Demystifying Latency and Throughput in System Design

Demystifying Latency and Throughput in System Design


In the world of system design, two critical performance metrics often come into play: latency and throughput.

Knowing about these metrics is important for making and improving efficient systems, especially when thinking about real-world uses.


Latency refers to the time it takes for data to travel from one point to another. It’s the delay between a request being initiated and the response being received.

For instance, in a video game, latency is the time from when you perform an action (like shooting a bullet) to when you see the result on your screen. Lower latency is important for real-time applications because they need a quick response.

Examples to understand latency in different contexts:

  • Reading 1MB of data sequentially from memory typically takes about 250 microseconds.

  • The same action from an SSD takes about 1 millisecond (1,000 microseconds), which is 4 times slower than from memory.

  • Transferring 1MB of data over a 1 Gbps network link takes around 10,000 microseconds.
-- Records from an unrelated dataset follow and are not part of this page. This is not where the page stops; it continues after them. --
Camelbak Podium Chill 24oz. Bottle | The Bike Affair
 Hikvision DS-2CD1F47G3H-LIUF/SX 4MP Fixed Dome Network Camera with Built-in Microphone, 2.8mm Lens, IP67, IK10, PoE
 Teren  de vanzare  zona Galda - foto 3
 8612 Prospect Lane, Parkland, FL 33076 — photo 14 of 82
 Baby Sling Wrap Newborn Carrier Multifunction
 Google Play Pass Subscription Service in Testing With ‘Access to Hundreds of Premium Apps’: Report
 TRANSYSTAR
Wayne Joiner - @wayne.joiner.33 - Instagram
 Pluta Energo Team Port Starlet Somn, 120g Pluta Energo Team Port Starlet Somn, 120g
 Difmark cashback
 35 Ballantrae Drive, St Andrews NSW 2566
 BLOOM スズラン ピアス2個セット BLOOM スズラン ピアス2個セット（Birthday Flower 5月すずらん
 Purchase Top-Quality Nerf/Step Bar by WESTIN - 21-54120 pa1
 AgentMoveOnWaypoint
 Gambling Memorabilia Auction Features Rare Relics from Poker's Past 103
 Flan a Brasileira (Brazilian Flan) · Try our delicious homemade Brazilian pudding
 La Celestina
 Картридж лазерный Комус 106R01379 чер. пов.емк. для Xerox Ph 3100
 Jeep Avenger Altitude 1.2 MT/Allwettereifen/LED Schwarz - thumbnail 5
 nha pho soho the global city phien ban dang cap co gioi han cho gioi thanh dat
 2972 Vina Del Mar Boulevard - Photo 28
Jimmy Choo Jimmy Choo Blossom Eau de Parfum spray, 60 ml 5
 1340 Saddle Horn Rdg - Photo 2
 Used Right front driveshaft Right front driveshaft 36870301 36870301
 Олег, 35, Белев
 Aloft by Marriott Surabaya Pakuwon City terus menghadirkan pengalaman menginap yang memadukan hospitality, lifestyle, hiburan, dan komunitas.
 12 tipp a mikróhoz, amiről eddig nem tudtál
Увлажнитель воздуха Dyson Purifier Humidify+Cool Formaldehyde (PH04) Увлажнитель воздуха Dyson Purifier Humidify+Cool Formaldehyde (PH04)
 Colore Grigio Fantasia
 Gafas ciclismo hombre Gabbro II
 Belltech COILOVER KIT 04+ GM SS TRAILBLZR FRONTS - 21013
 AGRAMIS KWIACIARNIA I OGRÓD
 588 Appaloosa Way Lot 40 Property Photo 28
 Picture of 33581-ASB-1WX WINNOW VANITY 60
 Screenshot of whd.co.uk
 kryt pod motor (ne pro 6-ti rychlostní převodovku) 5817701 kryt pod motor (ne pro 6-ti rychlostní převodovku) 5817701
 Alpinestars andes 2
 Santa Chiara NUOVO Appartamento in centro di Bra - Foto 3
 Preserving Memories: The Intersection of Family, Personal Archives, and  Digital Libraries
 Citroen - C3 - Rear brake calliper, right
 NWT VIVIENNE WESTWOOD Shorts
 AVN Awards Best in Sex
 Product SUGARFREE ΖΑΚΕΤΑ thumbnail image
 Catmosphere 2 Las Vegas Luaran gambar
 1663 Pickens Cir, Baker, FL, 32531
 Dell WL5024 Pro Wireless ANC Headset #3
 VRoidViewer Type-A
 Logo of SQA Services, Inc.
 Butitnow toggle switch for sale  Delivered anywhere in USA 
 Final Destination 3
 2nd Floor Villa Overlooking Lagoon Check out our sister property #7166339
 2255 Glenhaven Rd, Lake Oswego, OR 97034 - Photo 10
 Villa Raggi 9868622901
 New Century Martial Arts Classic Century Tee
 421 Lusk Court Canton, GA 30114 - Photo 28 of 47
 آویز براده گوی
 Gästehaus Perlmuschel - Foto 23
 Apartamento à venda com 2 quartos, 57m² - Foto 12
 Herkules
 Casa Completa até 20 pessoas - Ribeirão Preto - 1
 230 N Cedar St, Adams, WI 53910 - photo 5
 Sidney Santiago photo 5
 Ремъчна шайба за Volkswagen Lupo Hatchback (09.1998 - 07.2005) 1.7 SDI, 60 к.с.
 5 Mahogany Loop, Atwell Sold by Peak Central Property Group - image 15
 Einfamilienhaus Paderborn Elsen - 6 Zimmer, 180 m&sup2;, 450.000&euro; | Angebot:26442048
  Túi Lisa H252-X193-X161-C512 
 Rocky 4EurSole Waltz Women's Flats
  • A packet's round trip time from California to the Netherlands and back is roughly 150 milliseconds (150,000 microseconds).

These examples show that latency can change a lot depending on the medium and distance.


Throughput, on the other hand, measures how much data can be transferred from one point to another within a given time frame. It’s about volume and capacity, essentially answering the question, "How much data can we move at once?"

This is particularly relevant in scenarios where large volumes of data need to be processed or transferred.

For example:

  • A 1 Gbps (Gigabit per second) link can transfer 1 billion bits per second.

Throughput is an important measurement in applications and networks that deal with a lot of data. It shows how much data can be processed or moved in a short time. High throughput systems can manage more requests or transfer more data, which is important for services like streaming platforms, data centers, and big web applications.

Real-World Implications

Knowing the balance between latency and throughput is important in system design.

For example, an online video streaming service needs low latency for fast video start times and high throughput to show high-quality content without problems.